Höhere Zinsen machen Kredite für Verbraucher und Unternehmen teurer und sollen die umlaufende Geldmenge reduzieren. Zugleich verpassen sie Investitionen und privatem Konsum einen Dämpfer. Die Bremswirkung wird 2009 einsetzen - doch ausgerechnet dann könnte die Konjunktur einen Impuls brauchen. Die Angst vor einer Stagflation - hoher Inflation mit gleichzeitig geringem Wirtschaftswachstum - macht die Runde.

"In dieser Situation die Zinsen zu erhöhen, stößt die Wirtschaft Richtung Abschwung", kritisiert der Europa-Chefvolkswirt der Deutschen Bank, Thomas Mayer.
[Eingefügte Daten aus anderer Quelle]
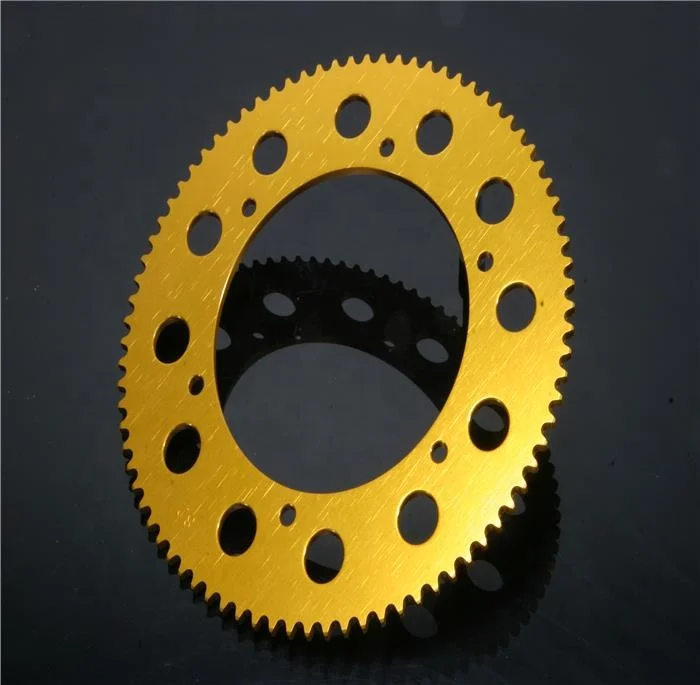 Звездочка золотого типа 219 74 зубца алюминий анодированный золотом для карт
Der Deutsche Gewerkschaftsbund (DGB) malt das Schreckgespenst an die Wand, die Zinserhöhung gefährde hunderttausende Jobs in Europa. Zudem treiben steigende Zinsen den Euro-Kurs nach oben. Anleger schichten dann ihr Geld in den Euro-Raum um. Der starke Euro belastet aber schon jetzt die deutschen Exporteure, weil er Warenverkäufe ins Ausland verteuert.

Der politische Gegenwind lässt die Notenbanker kalt. "Wir tun, was wir für richtig halten. Wir können keine Anweisungen entgegennehmen", betont Trichet die Unabhängigkeit der EZB.